Wind and ocean power industry partners and researchers are increasingly taking advantage of the opportunity to conduct a wide range of trials on the mechanical and electrical power-producing systems of wind and ocean wave turbines. Further, various agencies, including several offices of the Energy Department, are also making use of the facility.
“We think it's a real success,” Gevorgian said. “It has been confirmed by the Energy Department, and we get a number of projects funded by the Office of Energy Efficiency and Renewable Energy under the Grid Modernization Initiative and other programs that use this facility.”
Part of the benefit of the NWTC facility is that a wind turbine being examined can be connected either directly to the grid or to the CGI, giving system engineers a better understanding of how wind turbines react to grid disturbances. The wind turbines can be offline from the grid while being verified for compliance with standards.
Researchers and industry partners can access a virtual link with the Energy Systems Integration Facility supercomputer, allowing them to visualize complex systems in a virtual environment and observe real-time testing schemes. This connection has helped advance the understanding of energy storage. Additionally, the Energy System Integration Facility was the first U.S. test site with fault-simulation capabilities.
The idea of the CGI was conceived over a decade ago, when NREL researchers were testing different types of wind turbine drivetrains on a smaller 2.5-megawatt dynamometer. They started to realize that grid impacts also need to be considered in the system design. “The understanding grew that wind has to provide services to the grid, to enhance grid stability and reliability, so that all played along with our understanding of the role of NREL research, and contributions we could make.”
The expansion of capabilities coincided with funding opportunities in the Recovery Act, so that NREL was able to receive enough funding to build these systems. “We were able to deliver a system that is still a sufficient size to provide research impact on industry and be a valuable asset to the whole U.S. energy community,” Gevorgian said.
These facilities aren’t only for renewable energy technologies. “What we developed is a multitechnology asset,” he said, adding that it can test wind energy, water power, photovoltaic, fuel cell systems, combined heat and power units—even diesel generators. “It’s a good interface that allows validation of any type of technology. Another valuable part of it, you can evaluate several technologies in parallel in grid-connected or stand-alone microgrid modes.” Finally, researchers can investigate interactions and controllability issues in real scale, not in a model.
With these capabilities, industry can now partner with NREL to validate, optimize, and visualize the grid-integration-related performance of a unit before it is deployed. Findings at the NWTC are disseminated throughout the renewable energy industry. Gevorgian said, “The knowledge and awareness of this capability is growing among different industry members, so we are getting more and more phone calls and inquiries about possibilities to collaborate.” Further, all stakeholders can tap into this progress. “We provide an impartial approach that is going to benefit everyone, not just one vendor. From that perspective, the impact is very holistic and comprehensive.”
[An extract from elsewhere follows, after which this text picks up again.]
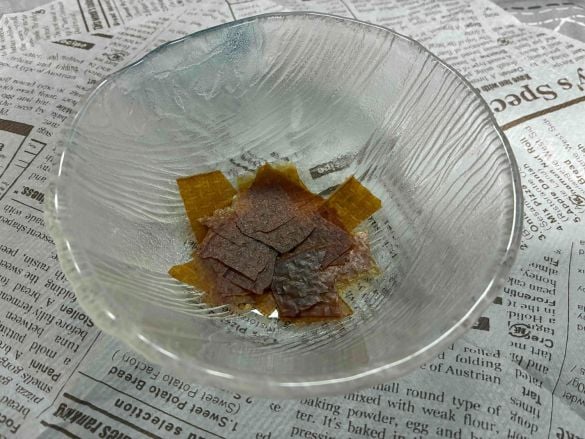  乾燥した野菜シートを水やお湯で溶かし…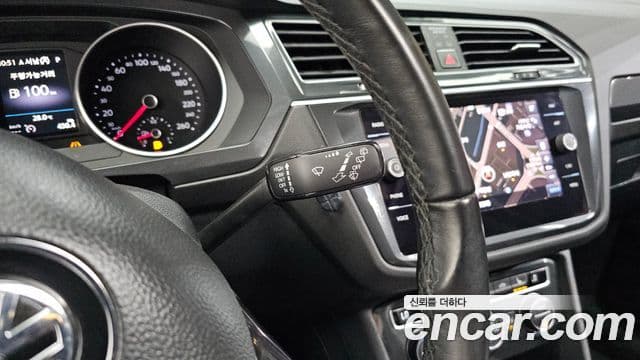 Volkswagen Tiguan 2018 — ფოტო 20/20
From the controllability aspects, performing validation in the field is really complicated because the projects deployed are owned by companies that are obligated to provide a service and profits. “There are really limited opportunities in the field to do this type of testing, compared to what we do here,” Gevorgian said.
Down the road, Gevorgian and others would like to see an increase of power capacity of the NWTC system. “If we want to grow larger, we could add another system in parallel, using a coordinated control design,” he said. In that way, as the wind industry continues to expand by deploying larger wind turbines and photovoltaic inverters—NREL will continue to offer a unique opportunity. “We'd see growth in both power and voltage capability,” he said. NREL, he added, is open to making its suite of capabilities at the forefront, meeting partnership needs as they develop with an unparalleled facility at the NWTC.